→ Activity: Each entry should be quoted word for word, including every mark of punctuation.

Brief descriptive captions
────────

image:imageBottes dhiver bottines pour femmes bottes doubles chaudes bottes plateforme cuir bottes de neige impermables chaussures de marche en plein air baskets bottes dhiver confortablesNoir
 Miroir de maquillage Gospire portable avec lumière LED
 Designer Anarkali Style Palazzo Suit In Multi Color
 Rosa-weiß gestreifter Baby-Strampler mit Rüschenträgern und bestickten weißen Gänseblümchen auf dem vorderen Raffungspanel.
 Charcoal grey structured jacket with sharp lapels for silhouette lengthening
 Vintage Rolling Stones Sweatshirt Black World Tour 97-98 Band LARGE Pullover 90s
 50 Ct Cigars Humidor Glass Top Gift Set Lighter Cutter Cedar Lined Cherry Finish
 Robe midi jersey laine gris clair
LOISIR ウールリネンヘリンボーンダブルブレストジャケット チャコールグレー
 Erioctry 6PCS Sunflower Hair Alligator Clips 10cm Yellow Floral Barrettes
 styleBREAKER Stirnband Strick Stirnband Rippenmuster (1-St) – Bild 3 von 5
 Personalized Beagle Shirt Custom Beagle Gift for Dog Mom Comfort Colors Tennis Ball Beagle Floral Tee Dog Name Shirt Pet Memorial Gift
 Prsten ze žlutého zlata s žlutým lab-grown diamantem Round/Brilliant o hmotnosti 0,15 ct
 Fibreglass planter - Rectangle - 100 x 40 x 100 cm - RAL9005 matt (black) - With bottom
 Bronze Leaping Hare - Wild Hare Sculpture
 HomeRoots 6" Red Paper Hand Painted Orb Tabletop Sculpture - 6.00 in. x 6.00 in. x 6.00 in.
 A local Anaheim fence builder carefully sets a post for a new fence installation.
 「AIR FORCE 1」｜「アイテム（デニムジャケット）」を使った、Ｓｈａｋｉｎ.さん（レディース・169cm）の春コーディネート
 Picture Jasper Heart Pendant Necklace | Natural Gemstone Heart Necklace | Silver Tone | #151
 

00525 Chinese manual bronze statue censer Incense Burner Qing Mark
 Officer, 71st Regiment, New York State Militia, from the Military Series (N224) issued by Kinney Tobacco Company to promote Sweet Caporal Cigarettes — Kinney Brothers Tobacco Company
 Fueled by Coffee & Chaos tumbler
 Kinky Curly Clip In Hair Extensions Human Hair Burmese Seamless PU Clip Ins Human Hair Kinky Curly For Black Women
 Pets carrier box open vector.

────────

→ Solution for this problem:
image:imageBottes dhiver bottines pour femmes bottes doubles chaudes bottes plateforme cuir bottes de neige impermables chaussures de marche en plein air baskets bottes dhiver confortablesNoir
 Miroir de maquillage Gospire portable avec lumière LED
 Designer Anarkali Style Palazzo Suit In Multi Color
 Rosa-weiß gestreifter Baby-Strampler mit Rüschenträgern und bestickten weißen Gänseblümchen auf dem vorderen Raffungspanel.
 Charcoal grey structured jacket with sharp lapels for silhouette lengthening
 Vintage Rolling Stones Sweatshirt Black World Tour 97-98 Band LARGE Pullover 90s
 50 Ct Cigars Humidor Glass Top Gift Set Lighter Cutter Cedar Lined Cherry Finish
 Robe midi jersey laine gris clair
LOISIR ウールリネンヘリンボーンダブルブレストジャケット チャコールグレー
 Erioctry 6PCS Sunflower Hair Alligator Clips 10cm Yellow Floral Barrettes
 styleBREAKER Stirnband Strick Stirnband Rippenmuster (1-St) – Bild 3 von 5
 Personalized Beagle Shirt Custom Beagle Gift for Dog Mom Comfort Colors Tennis Ball Beagle Floral Tee Dog Name Shirt Pet Memorial Gift
 Prsten ze žlutého zlata s žlutým lab-grown diamantem Round/Brilliant o hmotnosti 0,15 ct
 Fibreglass planter - Rectangle - 100 x 40 x 100 cm - RAL9005 matt (black) - With bottom
 Bronze Leaping Hare - Wild Hare Sculpture
 HomeRoots 6" Red Paper Hand Painted Orb Tabletop Sculpture - 6.00 in. x 6.00 in. x 6.00 in.
 A local Anaheim fence builder carefully sets a post for a new fence installation.
 「AIR FORCE 1」｜「アイテム（デニムジャケット）」を使った、Ｓｈａｋｉｎ.さん（レディース・169cm）の春コーディネート
 Picture Jasper Heart Pendant Necklace | Natural Gemstone Heart Necklace | Silver Tone | #151
 

00525 Chinese manual bronze statue censer Incense Burner Qing Mark
 Officer, 71st Regiment, New York State Militia, from the Military Series (N224) issued by Kinney Tobacco Company to promote Sweet Caporal Cigarettes — Kinney Brothers Tobacco Company
 Fueled by Coffee & Chaos tumbler
 Kinky Curly Clip In Hair Extensions Human Hair Burmese Seamless PU Clip Ins Human Hair Kinky Curly For Black Women
 Pets carrier box open vector.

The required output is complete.